● What you should do:
Transcribe the records below from the first line to the line that includes "Inheritance in Java: Extends, Super, and", inclusive, and omit the pictures.

[Scraped caption text data]
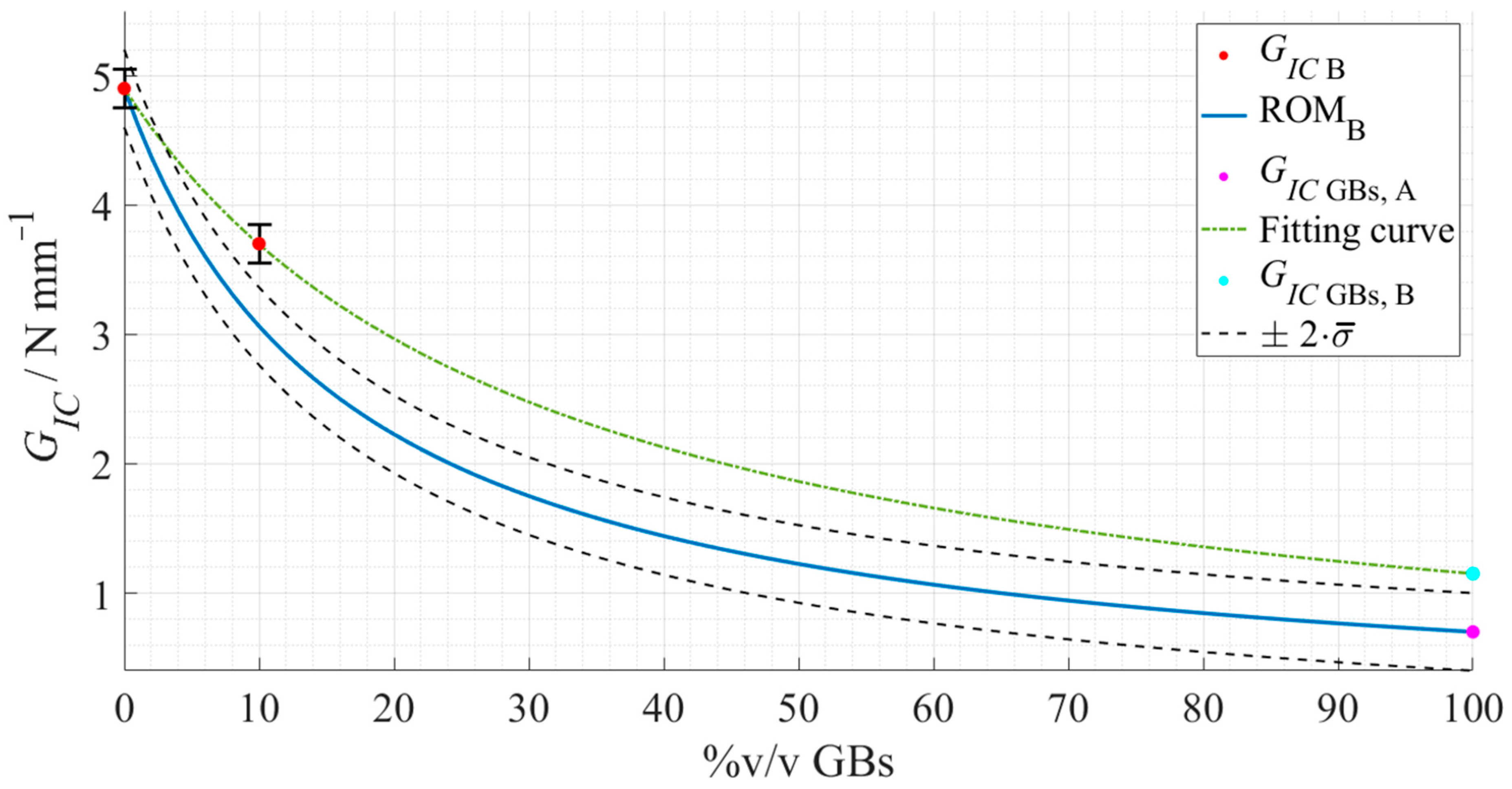 Materials 15 03817 g021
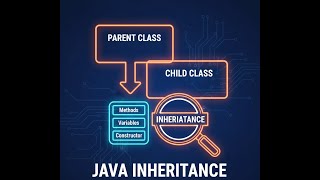 Inheritance in Java: Extends, Super, and Method Overriding Deep Dive (03/12/2025)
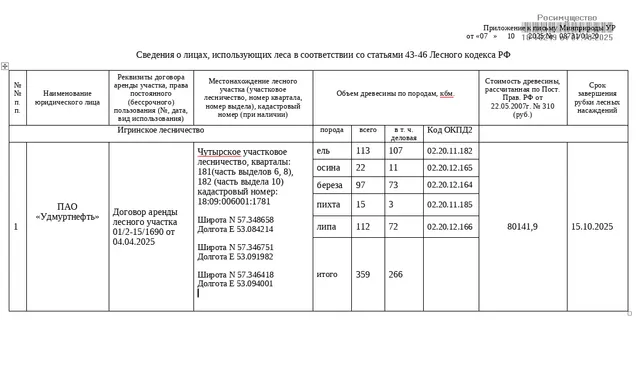 Лот № 31УР – ель: деловая – 107 куб.м., дровяная – 6 куб.м, осина: деловая – 11 куб.м., дровяная – 11 куб.м., береза: деловая – 73 куб.м., дровяная – 24 куб.м., пихта: деловая – 3 куб.м., дровяная – 12 куб.м., липа: деловая – 72 куб.м., дровяная – 40 куб.м. Всего древесины:  деловая – 266 куб.м, дровяная – 93 куб.м. (согласно данным Министерства природных ресурсов и охраны окружающей среды УР от 07.10.2025 № 08731/01-20).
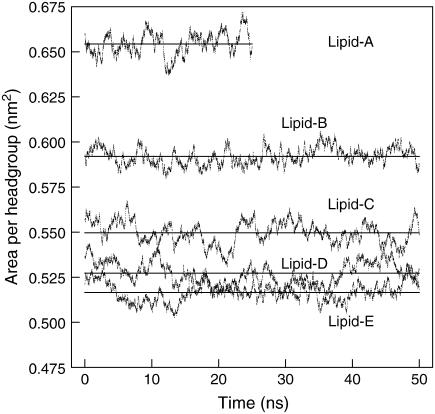 FIGURE 3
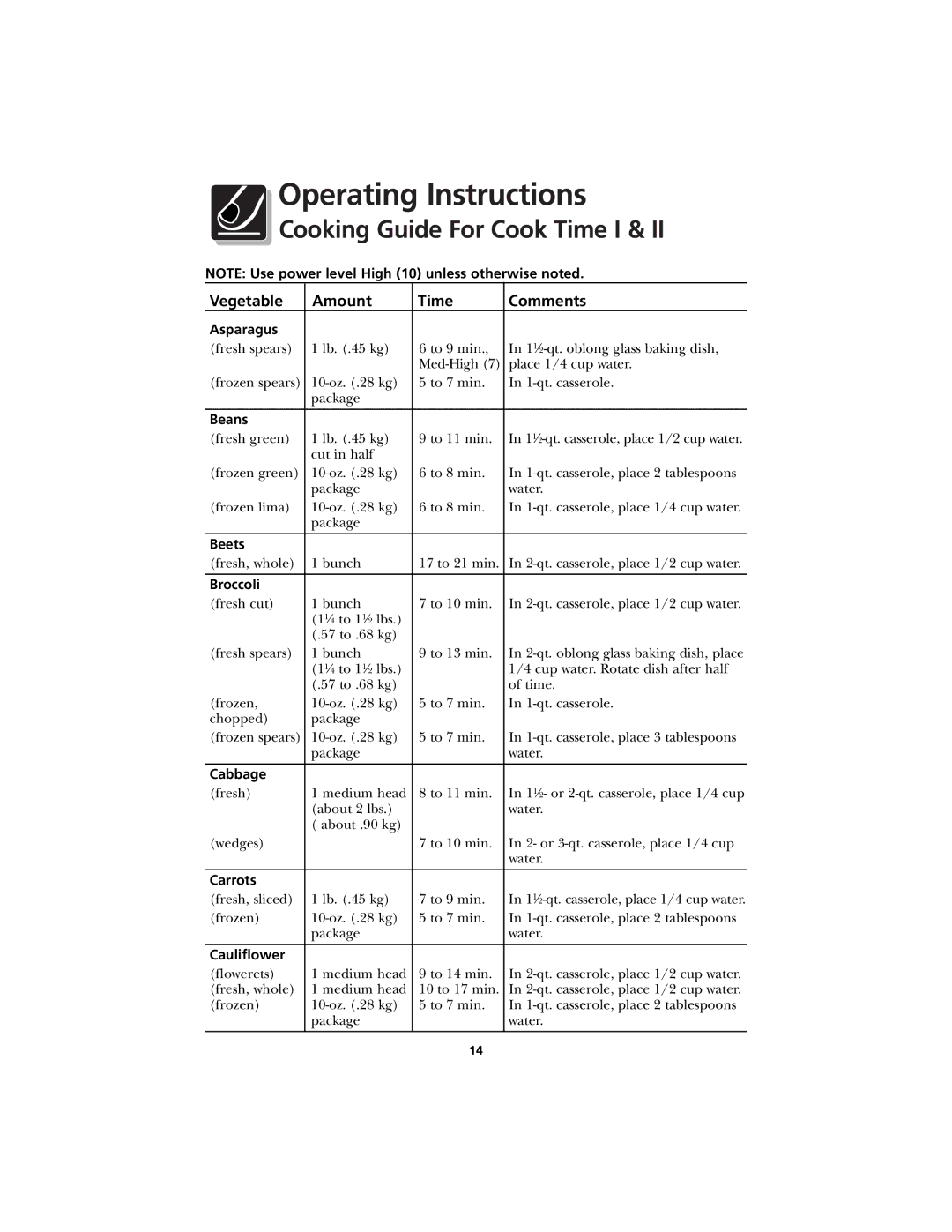 Frigidaire CFMV145 warranty Cooking Guide For Cook Time I 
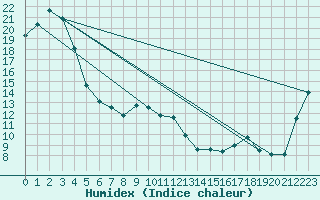 Courbe de l'humidex pour Boryeong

● Answer for this exercise:
 Materials 15 03817 g021
 Inheritance in Java: Extends, Super, and Method Overriding Deep Dive (03/12/2025)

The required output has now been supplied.